Accompanied by a Rey Fernando de Castilla, Oloroso Antique sherry from Jerez de la Frontera described by sommelier Rivas as a rich concentration of late autumnal and invernal aromas perfectly suited to game and especially the dark and pungent meat of the becada, the woodcock arrived. The spiky assemblage of beaks, thighs, breasts, and black truffle all arranged around (and held together by) a dollop of mashed potato was López's homage-to-the-woodcock sculpture and perfectly captured the spirit of this beautiful and much revered game bird. Accompanying was a glass of woodcock consommé.

The breast meat was, as López had described it, "the filet mignon" of the woodcock, the largest and most toothsome morsel, but the crunchy head and about half of the beak were, for me, the most interesting and most quintessentially woodcock part of the presentation. The flexible tip of the beak didn't crumble into easily swallowed chips and had to be abandoned, but everything else was eagerly devoured.

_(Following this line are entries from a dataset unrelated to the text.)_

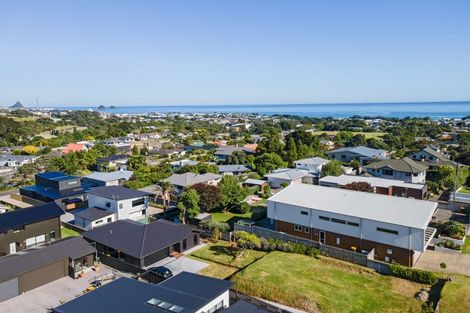 Photo of property in 28 Lismore Street, Strandon, New Plymouth, 4312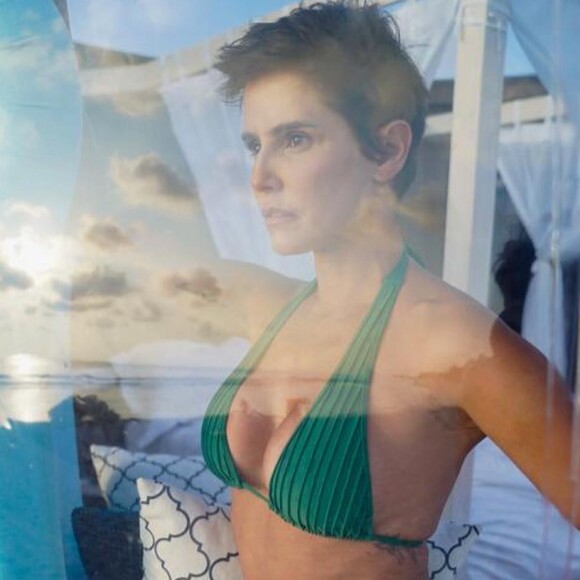 'Estou tentando apagar todas as minhas sete tatuagens para fazer umas novas nos mesmos lugares, abrir espaço para reformular', explicou Deborah Secco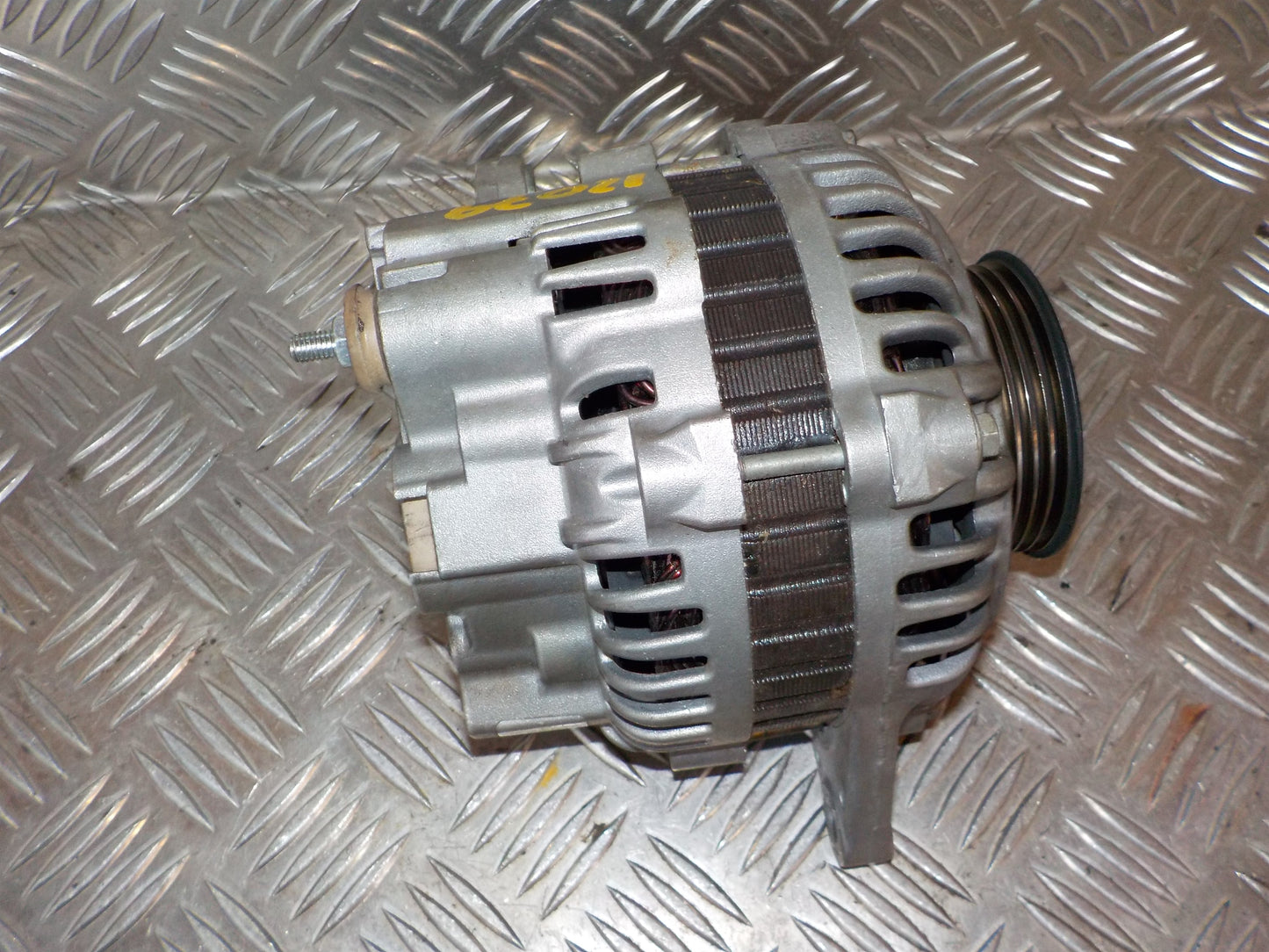 Hyundai Accent Generator Med OEM Nr. 3730022020 Fra Hyundai Ophugger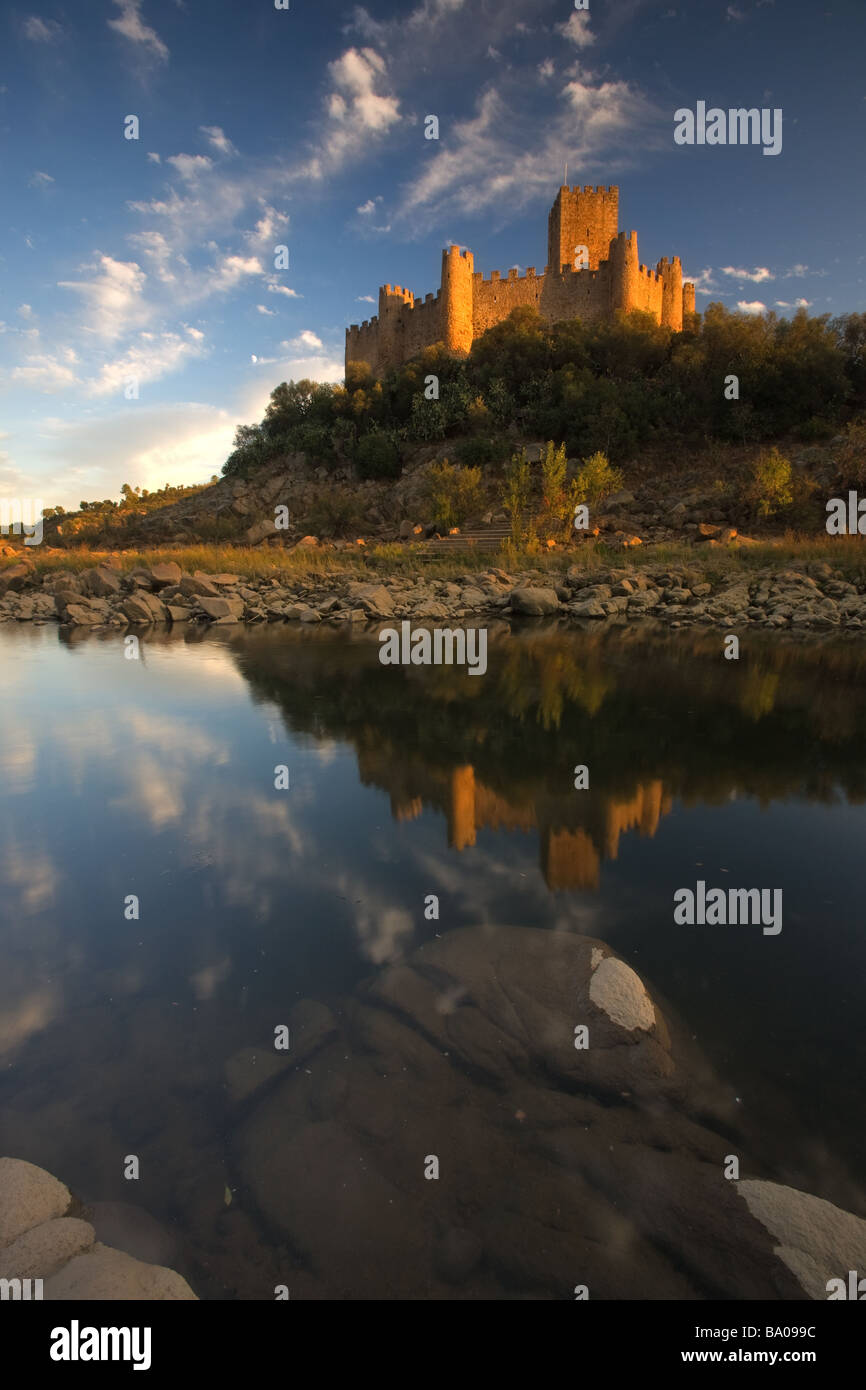 Almourol Castle historique avec tage au coucher du soleil avec ciel bleu et nuages blancs Banque D'Images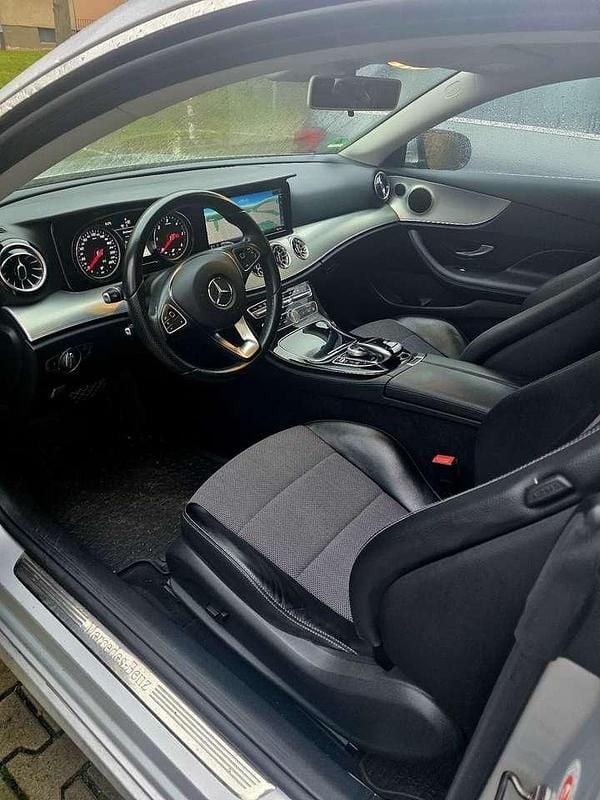 Gebraucht Mercedes E220 AMG 194 PS (142 kW) 2017 Silber Cabrio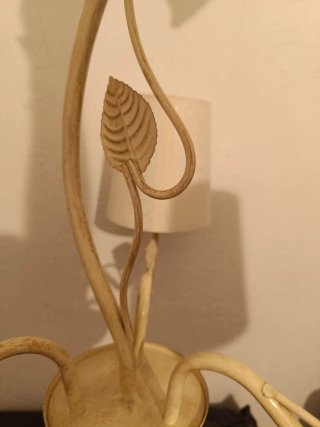 Lámpara de forja beige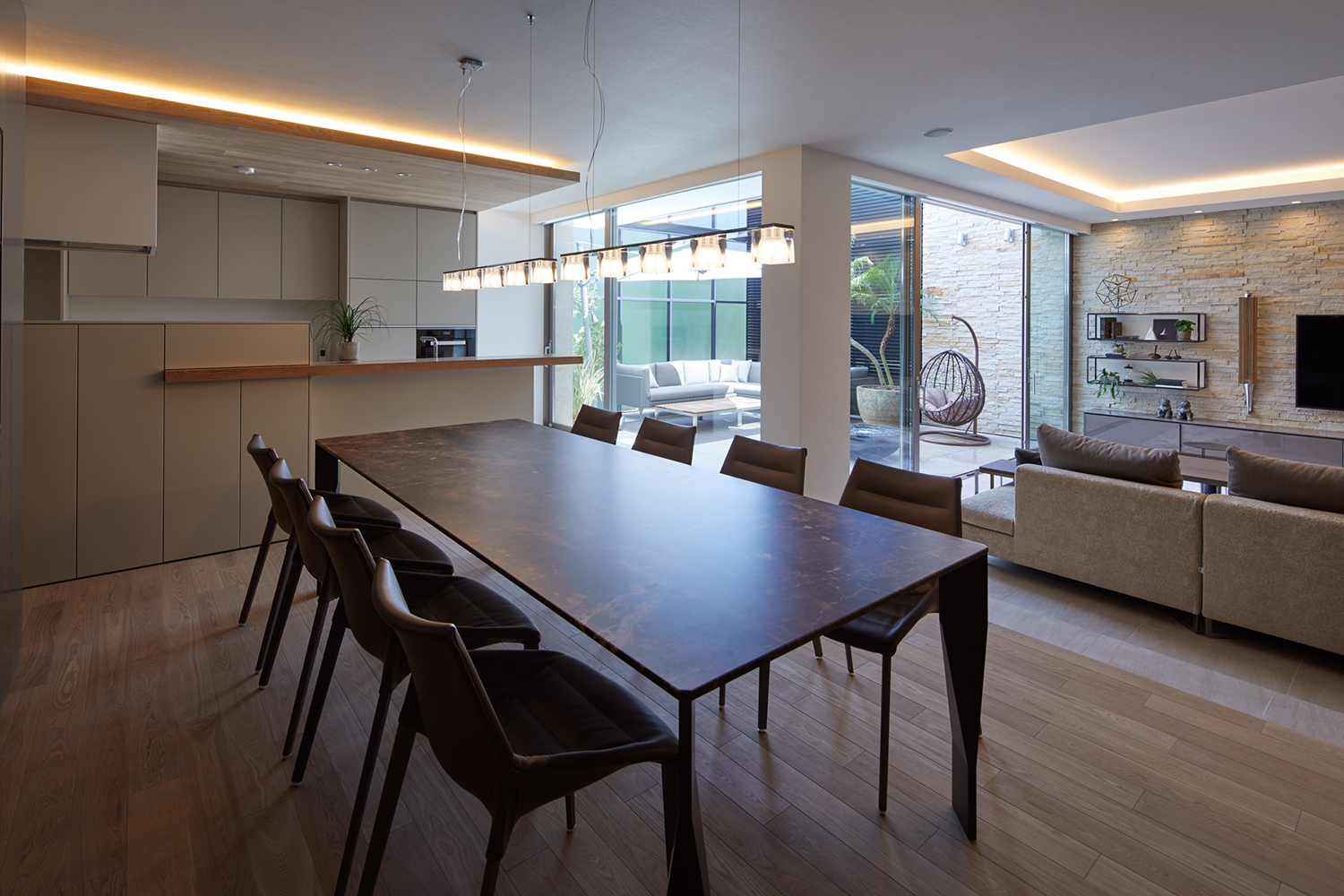 八人掛けのダイニングテーブルが置かれているLDK・デザイン住宅 注文住宅・デザイン住宅建築実例_『CASE678 K邸(社長の邸宅)』_キッチン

The flavor of woodcock flesh is dark; critics compare it to liver. The texture is tender and delicate unless the woodcock has been overcooked. The toast saturated with the trail pâté was as flavorful as the breast meat, while the mashed potato was an effective sponge for any leftover gravy. The black truffle chip, while aromatic, seemed almost ancillary amid this embarrassment of riches, an unusual fate for the often dominant Tuber melanosporum.

A homemade pumpkin flan with a Pedro Ximénez-Spínola Old Harvest sherry made of sun-dried Palomino grapes was the fragrant final act in this mid-winter feast and the walk to Atocha train station through Puerta del Sol, Plaza de Santa Ana, and the literary neighborhood was all but a stroll through the Elysian Fields.